• _WHAT IS NEEDED_: Leaving out the pictures, copy each record below exactly.

• _EXERCISE DATA_:
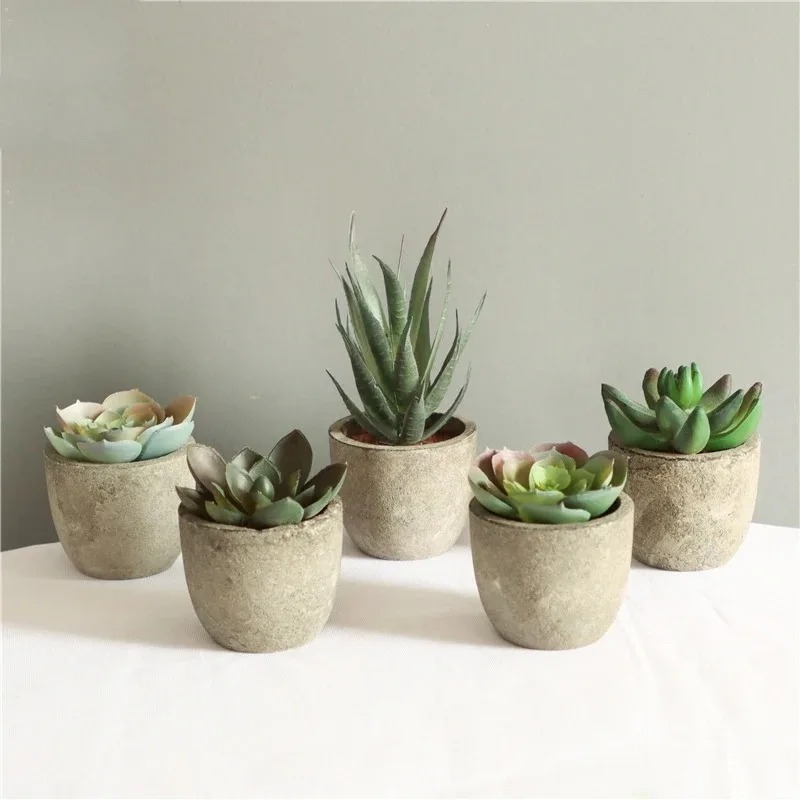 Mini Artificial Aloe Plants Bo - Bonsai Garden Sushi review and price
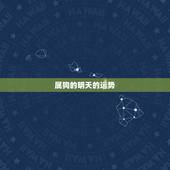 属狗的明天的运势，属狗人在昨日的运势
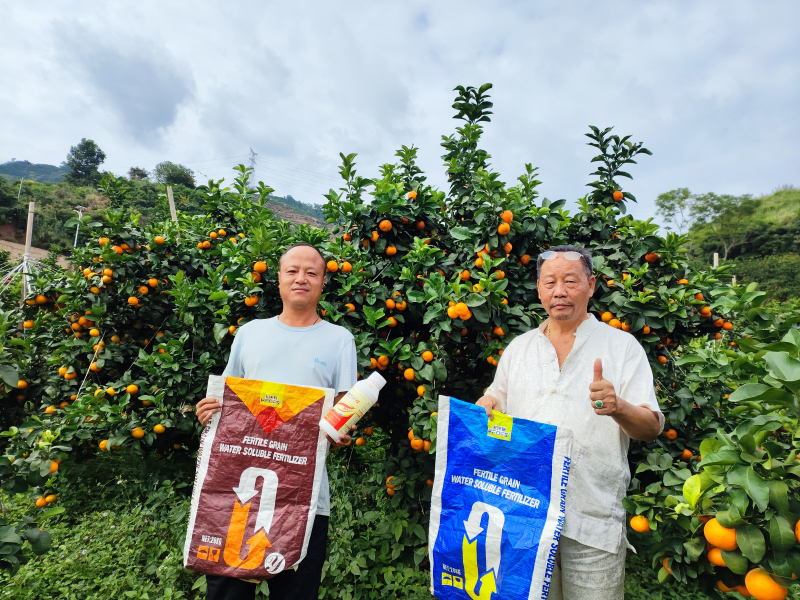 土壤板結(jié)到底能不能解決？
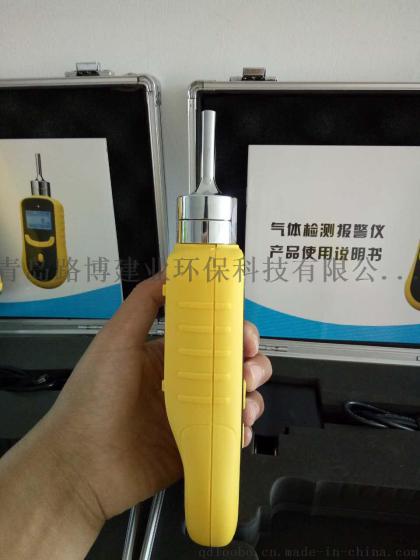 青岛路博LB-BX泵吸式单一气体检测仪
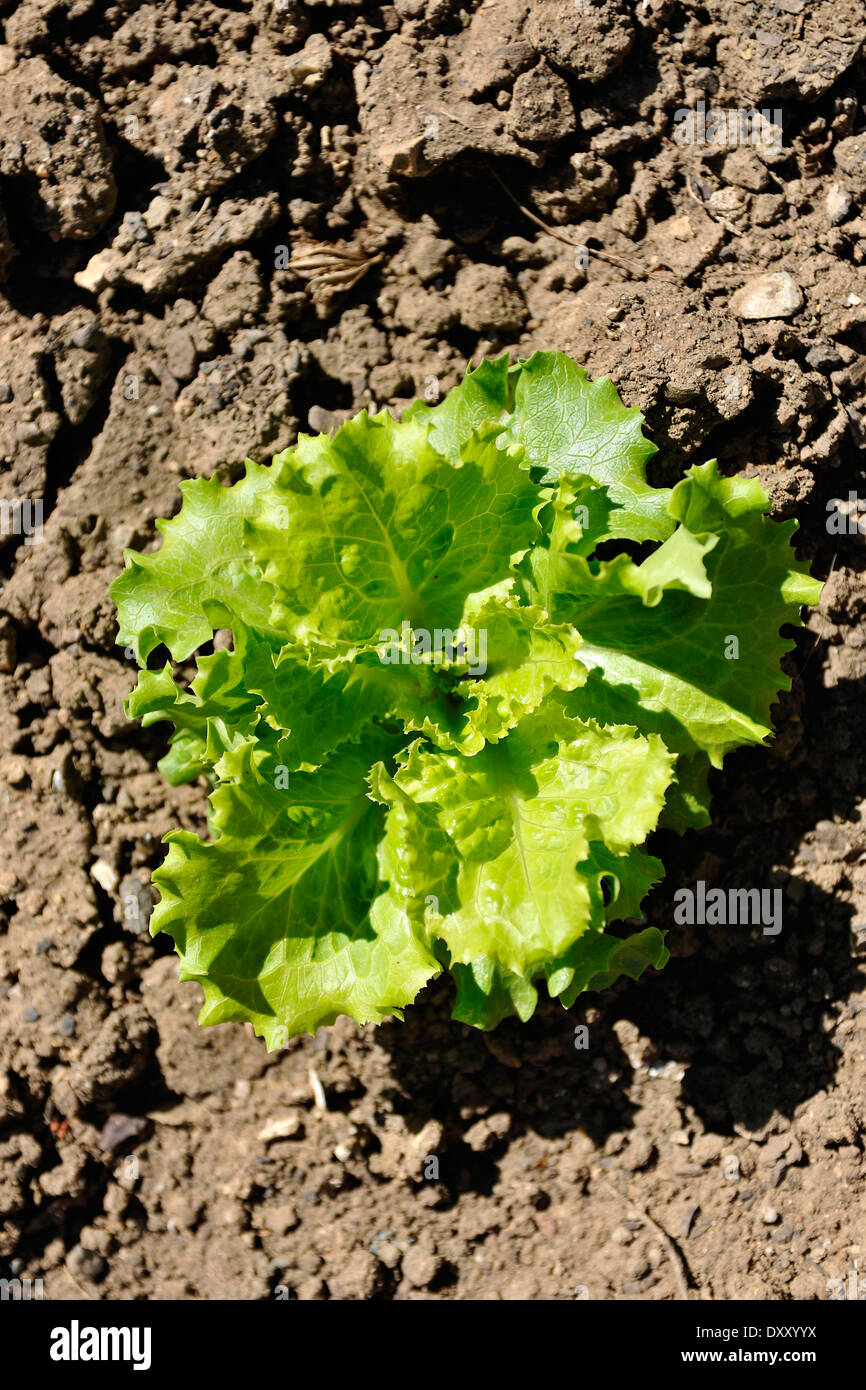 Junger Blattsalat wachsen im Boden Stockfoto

• _EXERCISE ANSWER_:
 Mini Artificial Aloe Plants Bo - Bonsai Garden Sushi review and price
 属狗的明天的运势，属狗人在昨日的运势
 土壤板結(jié)到底能不能解決？
 青岛路博LB-BX泵吸式单一气体检测仪
 Junger Blattsalat wachsen im Boden Stockfoto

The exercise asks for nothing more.